Congress will hold hearings on the Planned Parenthood videos later this year. I hope they do not focus solely on whether or not the dollar amounts being discussed by the physicians violated the law that prohibits the sale of fetal body parts. I hope, instead, the focus will be on the moral status of the unborn child. After all, if the unborn child is all just tissue, why should be get queasy? We get queasy because we know it is a baby.
No matter how successful we are in highlighting the humanity if the unborn child, the pro-life movement must find ways to demonstrate that it is not anti-women, that those women who procure abortions are not “evil women” but desperate women, who find themselves in a difficult circumstance that can, and should, be ameliorated by means of solidarity, not by violence against the child.

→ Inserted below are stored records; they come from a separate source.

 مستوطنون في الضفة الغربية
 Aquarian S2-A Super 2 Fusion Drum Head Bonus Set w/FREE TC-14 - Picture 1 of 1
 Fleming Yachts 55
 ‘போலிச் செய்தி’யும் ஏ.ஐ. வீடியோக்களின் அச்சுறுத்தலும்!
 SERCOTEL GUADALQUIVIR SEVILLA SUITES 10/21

A poor woman who is now able to get medical care through the Affordable Care Act is far less likely to decide to have an abortion for financial reasons than she would have been if she lacked that new access to health care.

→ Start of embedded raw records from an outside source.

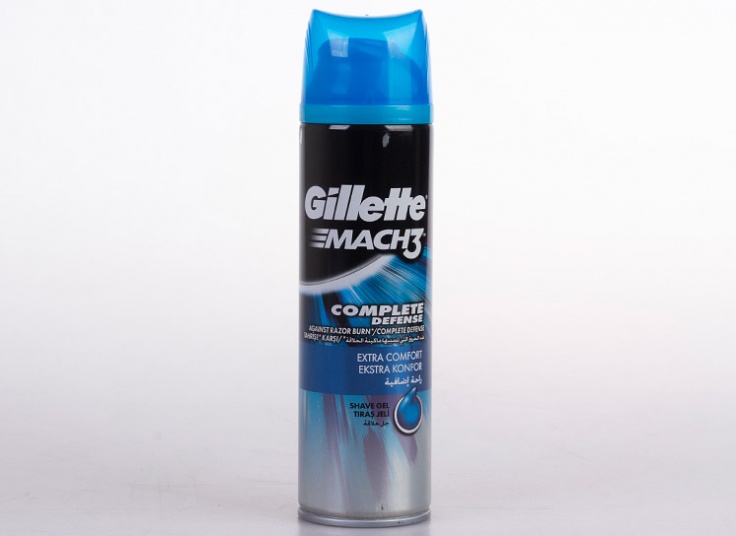فوم و ژل اصلاح مردانه Gillette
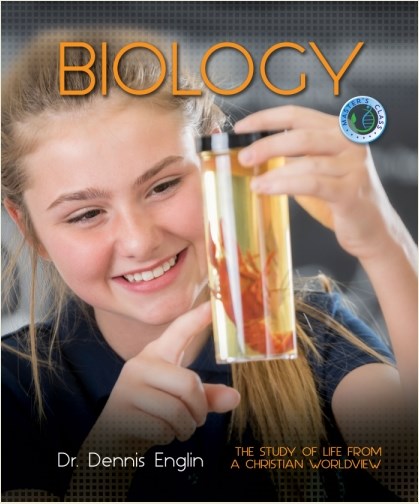 Master Books-Biology-Student (9th - 12th Grade)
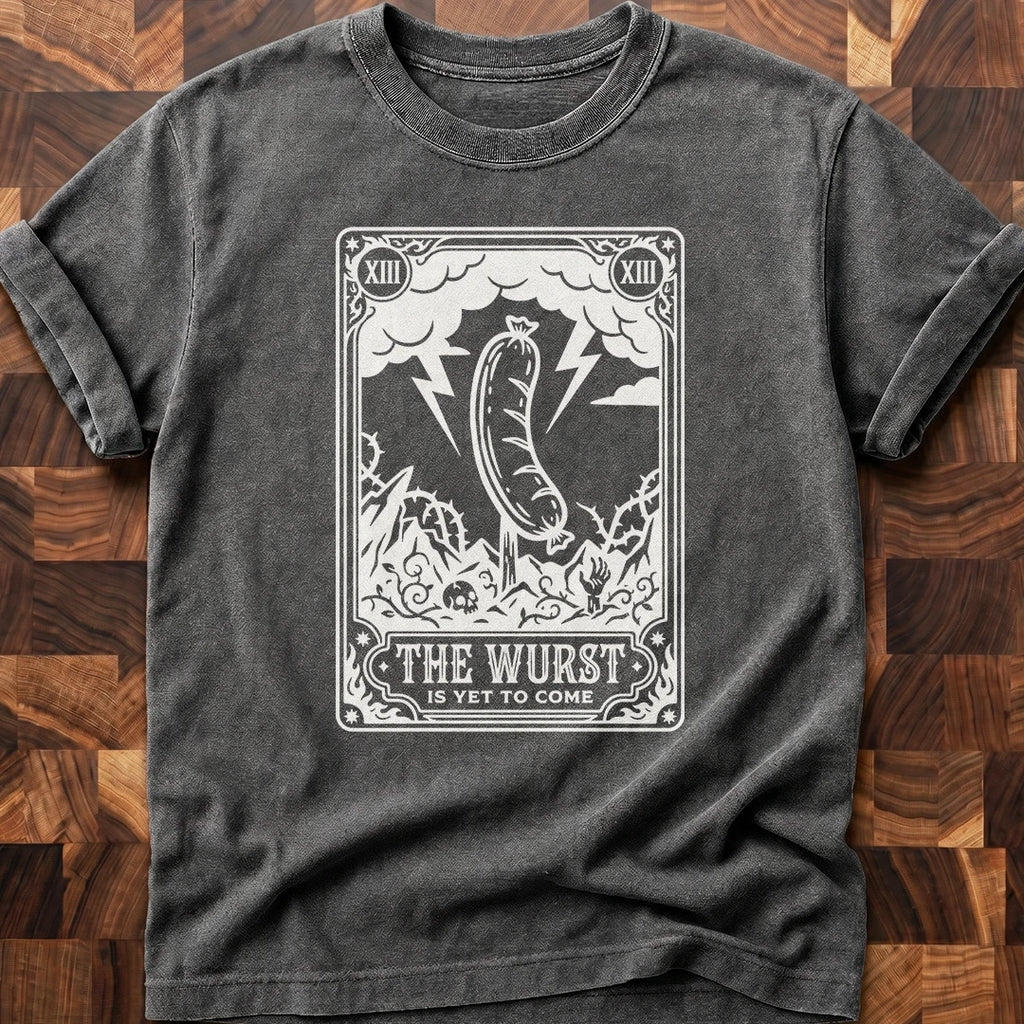 The Wurst T-shirt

The road to full equality for the unborn children of the world will be a long road. No single video, no single legislative amendment, no single political campaign, will change the cultural landscape that needs to be changed if we are to win this fight for human dignity. Avoiding the consistent ethic of life has not moved the ball one iota. It is time to embrace the consistent ethic of life, make every politician – and most voters – squirm, and hope that in their squirming they begin to think differently about what we all owe to each other.